The Geometry of Linear Equations

The fundamental problem of Linear Algebra is to solve a system of linear equations.

  1. Row Picture
    Picture of one equation at a time. An example is where 2x2 equation where the lines meet.

  2. *Column picture
    Star next to it because it's such an important one. Column at a time.

  3. Matrix form
    Look at the problem in matrix form and calling that matrix A

Example

Say we have two equations, two unknowns:

\begin{equation*} 2x - y = 0 \\ -x + 2y = 3 \end{equation*}



\begin{equation} \begin{bmatrix} 2 & -1 \\ -1 & 2 \end{bmatrix} \end{equation}

This is our coefficient matrix A.

\begin{equation} \begin{bmatrix} 2 & -1 \\ -1 & 2 \end{bmatrix} \begin{bmatrix} x \\ y \end{bmatrix} \end{equation}

The right hand side (RHS) is our unknown. 2 unknowns which is creates a vector, X, with two components, x and y.

\begin{equation} \begin{bmatrix} 2 & -1 \\ -1 & 2 \end{bmatrix} \begin{bmatrix} x \ y

\end{bmatrix}

\begin{bmatrix} 0 \\ 3 \end{bmatrix}

\end{equation}

And we have two right hand sides that also go into a vector b, 0 and 3.

\begin{equation} A X = b \end{equation}

So our linear equation is Ax = b.

Row Picture

Plot all the points that satisfy the first equation \begin{equation} 2x - y = 0 \end{equation} or y = -2x

and the second equation \begin{equation}-x + 2y = 3\end{equation} or y = (3+x)/2

Now let's grapth these lines (just plug in when x=0 to find y value and vice-versa)

In [131]:
import matplotlib.pyplot as plt
%matplotlib inline
x = [i for i in range(-1,3)]
y1 = [2*i for i in x]
y2 = [(3+i)/2 for i in x]

plt.plot(x,y1)
plt.plot(x,y2)
plt.legend(['First eqtn', 'Second eqtn'], loc=0)

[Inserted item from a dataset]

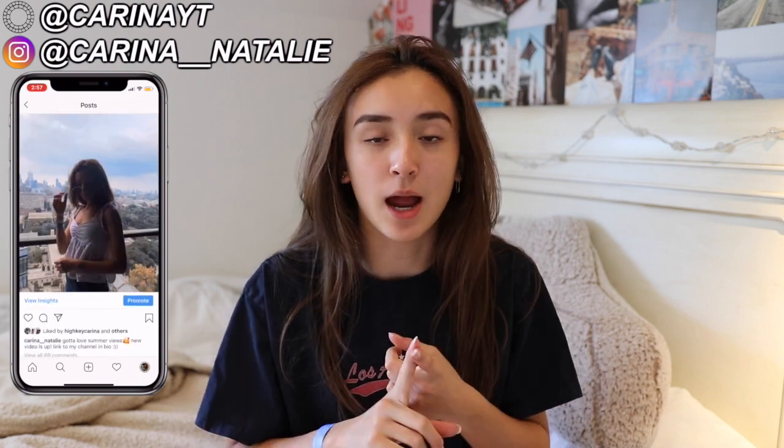Before I get started, make sure you subscribe down below if you haven't already, turn on the notification bell, give the video a thumbs up, and comment all your video recommendations. Also go follow my Instagram and my VSCO if you want to see my pictures. So without further ado, let's get started.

plt.axhline(y=0, color='k')
plt.axvline(x=0, color='k')
plt.grid(b=True, which='major')
plt.plot(1,2, marker='o', markersize=10, color="green")
Out[131]:
[<matplotlib.lines.Line2D at 0x112922d30>]

They intercept at (1,2) which solves both equations.

\begin{equation*} x = 1, y = 2 \end{equation*}

Personal note: it seems like you would have to literally visualize/draw out the row picture method (or brute force?) to figure out the point they meet at. Not exactly efficient and impossible past 3d.

Column Picture

Now onto the more important point.

We want to combine certain amounts of [2 -1] and [-1 2] to get [0 3]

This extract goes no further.